I believe it's a rate limiting problem. Instagram's rate limiting, that is.

[aldrin431]

@aldrin431 not sure if it a login problem . as on my local machine i use it without login and it works but on dev & production server it doesn't work

also there's #685 related to this

Yes I have the same problem, when I work in my localhost I work without login and in production I make the login.

[zaden1]

I have been getting the 200 error as well. I tried to comment out line 385 and I even though I no longer get the error I also can not access any images.
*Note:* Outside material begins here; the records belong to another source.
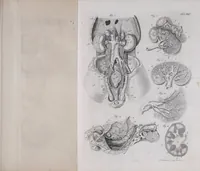 Picture 50 of 68 from Pfennig-Encyklopädie der Anatomie, oder, Bildliche Darstellung der gesammten menschlichen Anatomie : nach Rosenmüller, Loder, Carl Bell, Gordon, Bock etc / gestochen von J.F. Schröter ; mit erklärendem Texte von. Th. Richter. (1834), leaf 347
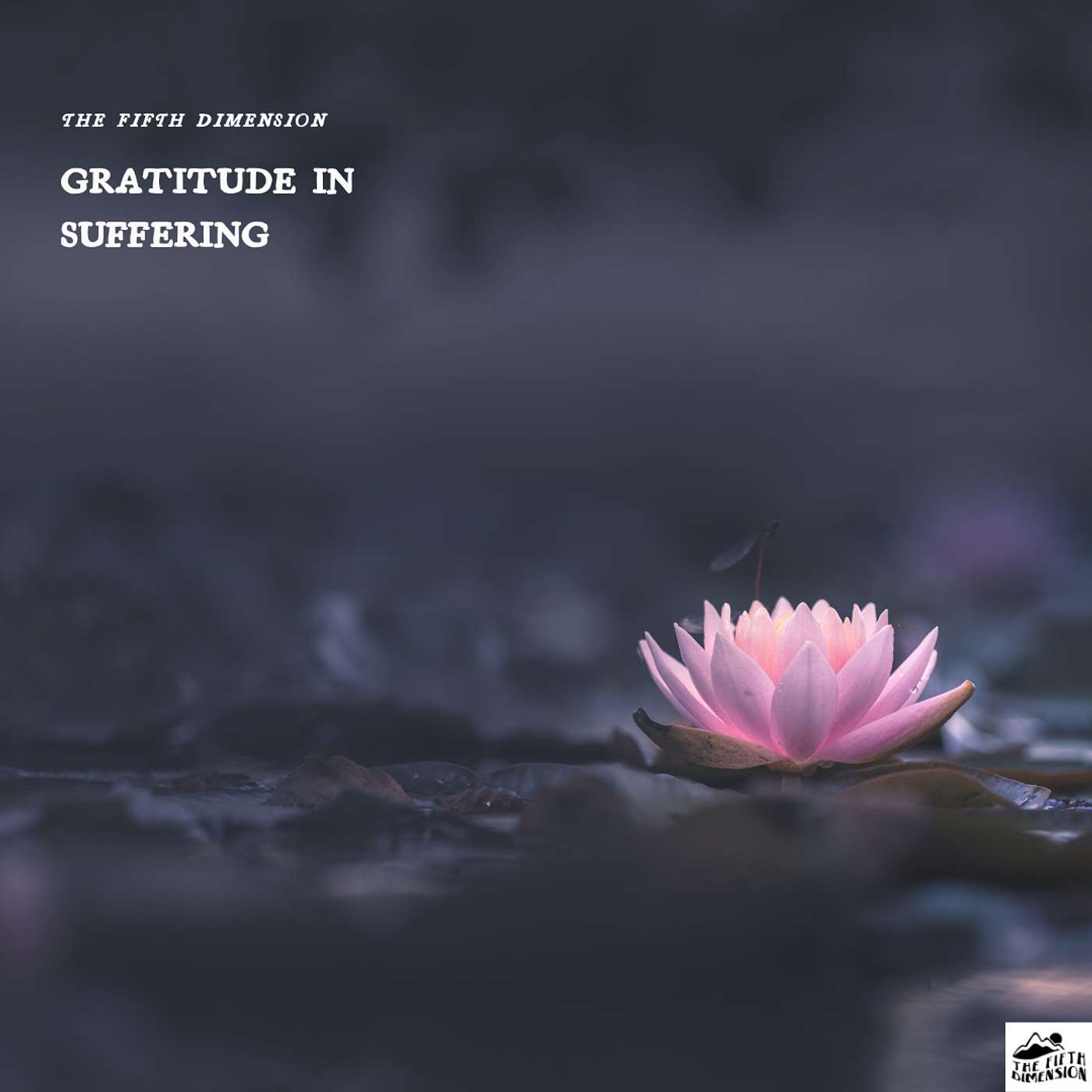 Gratitude in Suffering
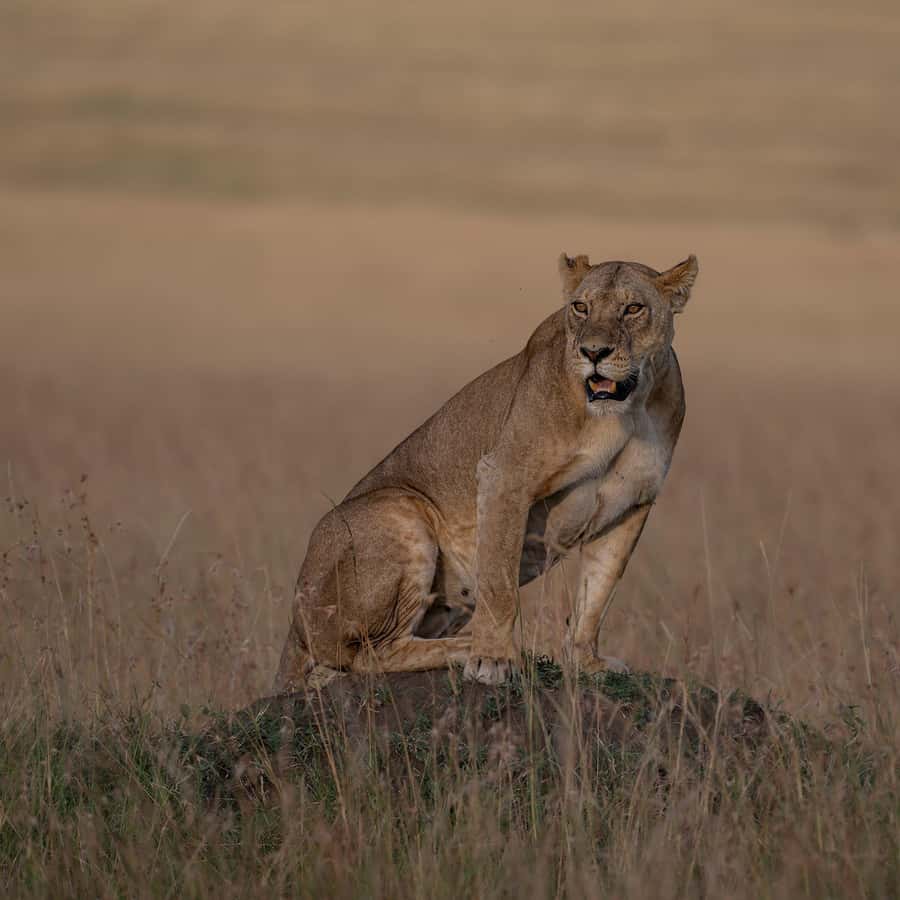 From Nairobi: Maasai Mara 1-Day Safari: AW, Lunch & Pickup - The day in brief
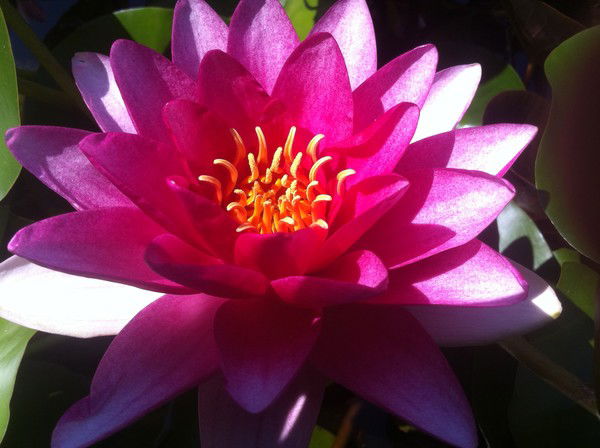 Людмила Керножицкая/хярг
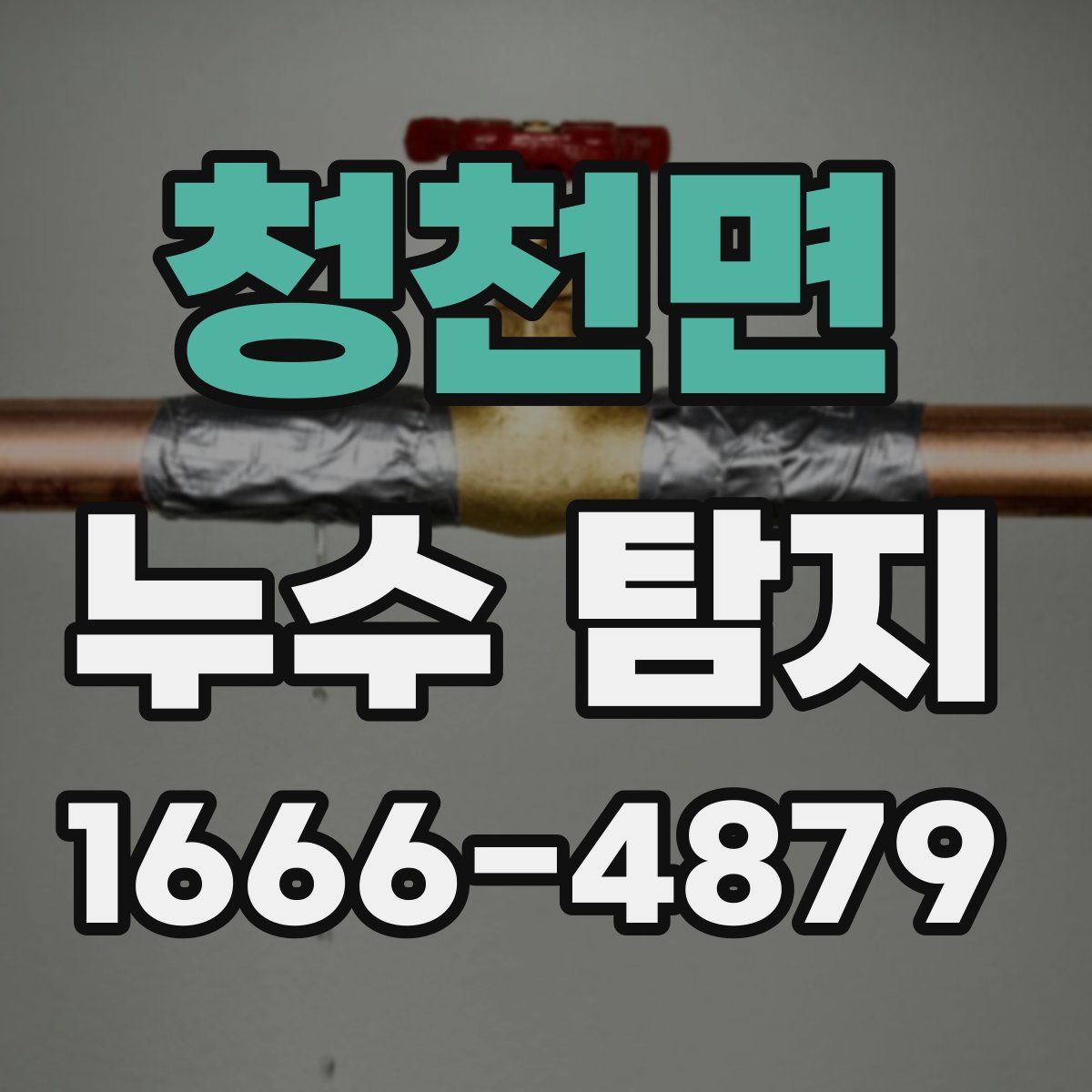 청천면 누수 탐지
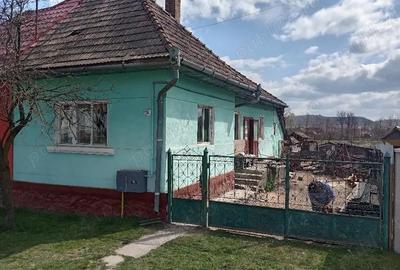 Casă cu 3 camere cu Teren 150 Mp în Păsăreni - 4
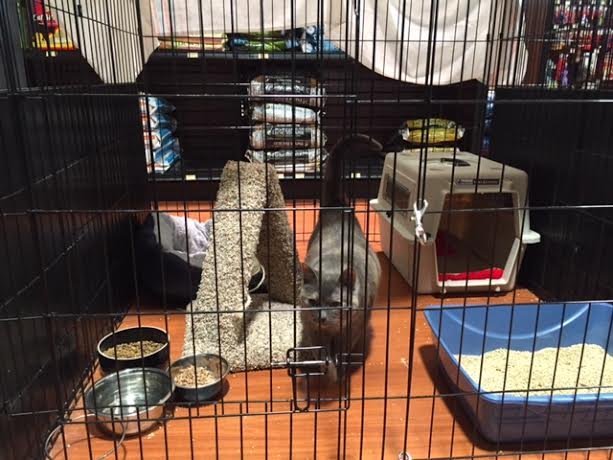 Bosleys by Pet Valu | 2362 Whatcom Road, Abbotsford, BC V3G 2L5, Canada | Phone: (604) 859-9056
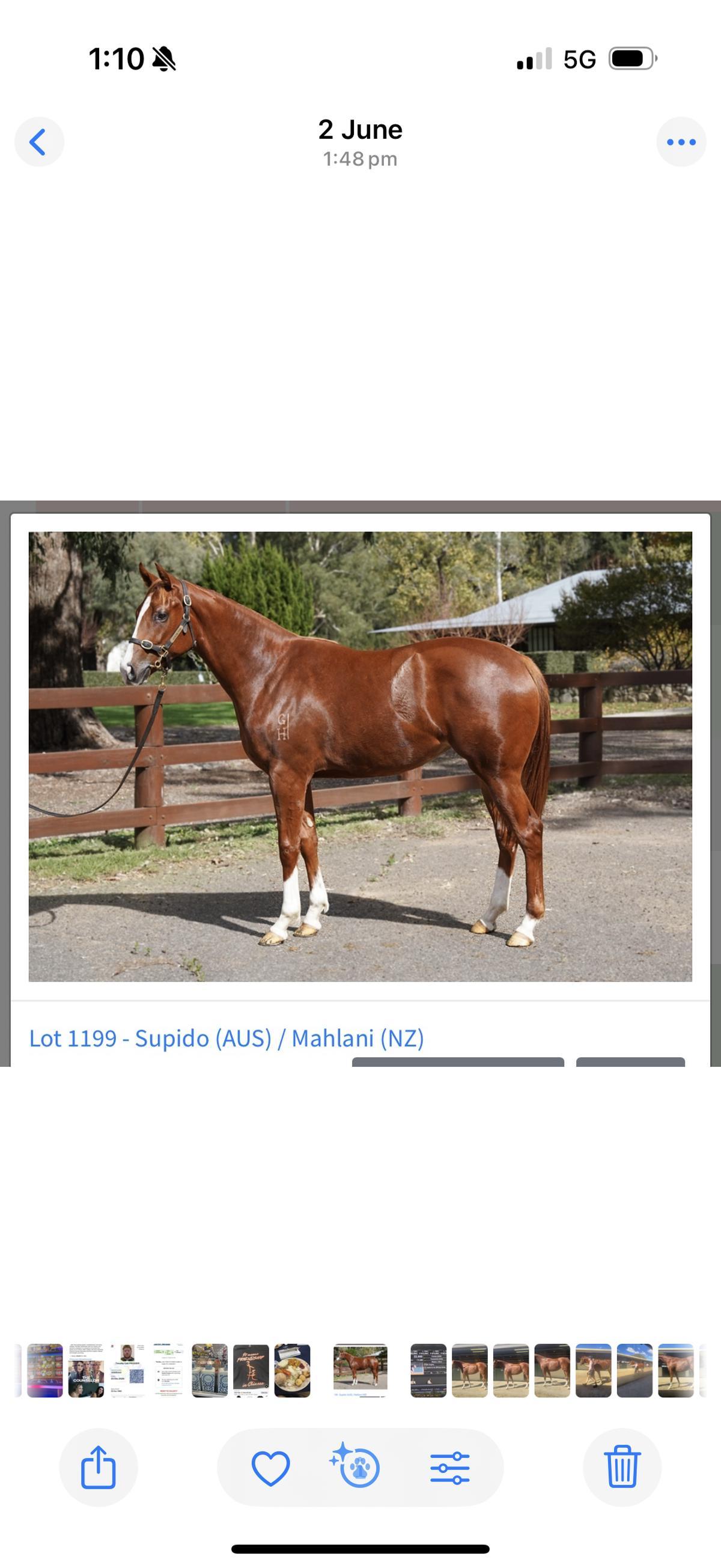Supido x Mahlani filly
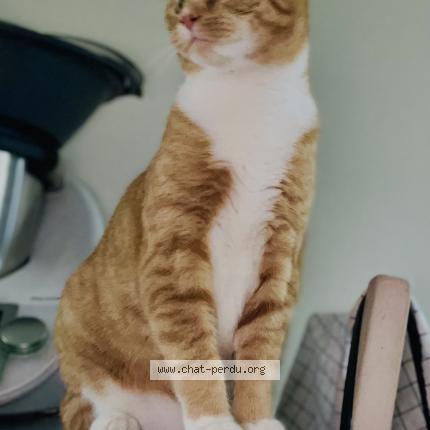 Photo 1/1 Ghislaine Massard Chat perdu à Nogent sur loir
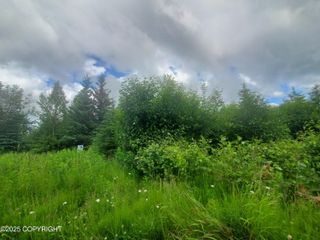 32370 Stacey Lane, Anchor Point, AK 99556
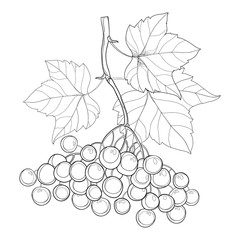 Vector drawing of outline branch Viburnum or Guelder rose, ornate leaves and berry bunch in black isolated on white. Viburnum berry and foliage in contour style for autumn design or coloring book.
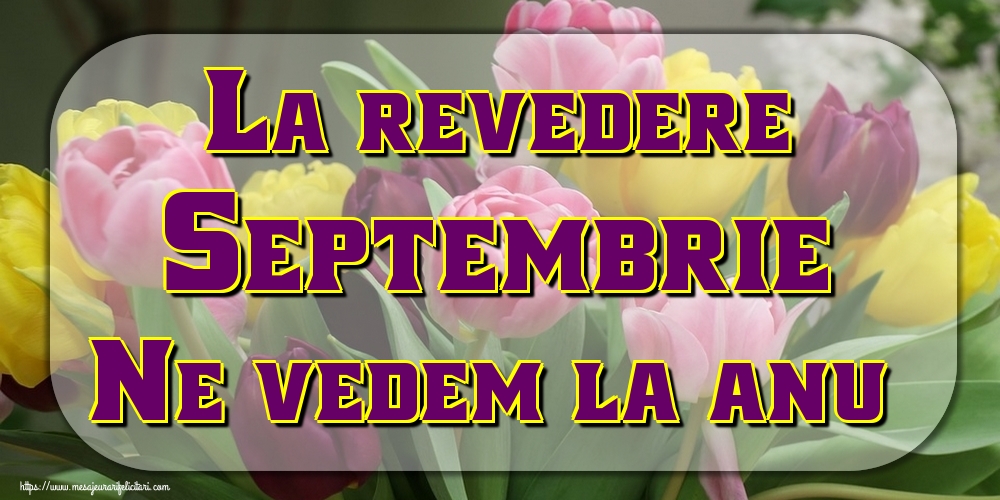 Felicitari de 30 Septembrie - La revedere, Septembrie! Ne vedem la anu'!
This is what I get on sentry

Response code is 200. Body: <!DOCTYPE html>

[asolopovas]

+1

[csan-dev]

+1

[filippodicostanzo]

+1

[roninit72]

+1

[pckz]

same for me. please someone say something :/

[hamzadiaz]

If you get these errors try using a new Instagram account and login with: $instagram->login(true); $instagram->saveSession();

Hope it helps.

[Mehrdad-Dadkhah]

+1

[ibnux]

i found a solution, i change User Agent to another, and it works

https://github.com/postaddictme/instagram-php-scraper/blob/c9df4728c2b8a38e46bedea0c458bb6d9073f1f5/src/InstagramScraper/Instagram.php#L50

i change to Mozilla/5.0 (Macintosh; Intel Mac OS X 10.15; rv:77.0) Gecko/20100101 Firefox/77.0

[jangrewe]

@ibnux: Read the docs, there's a better way to do this.

$instagram->setUserAgent($userAgent);

I thought it was kinda well-known by now that you have to set the user-agent string to whatever string is used by the client you use to register/login/unblock logins/etc. when you do it manually. ;-)

[ibnux]

@jangrewe hehe sorry i never thought UA important, after getting this error again, i try to change it, and it works,

just debugging thing, sometimes try to hardcode 😅

thanks for mention the function 😃

[stale[bot]]

This issue has been automatically marked as stale because it has not had recent activity. It will be closed if no further activity occurs. Thank you for your contributions.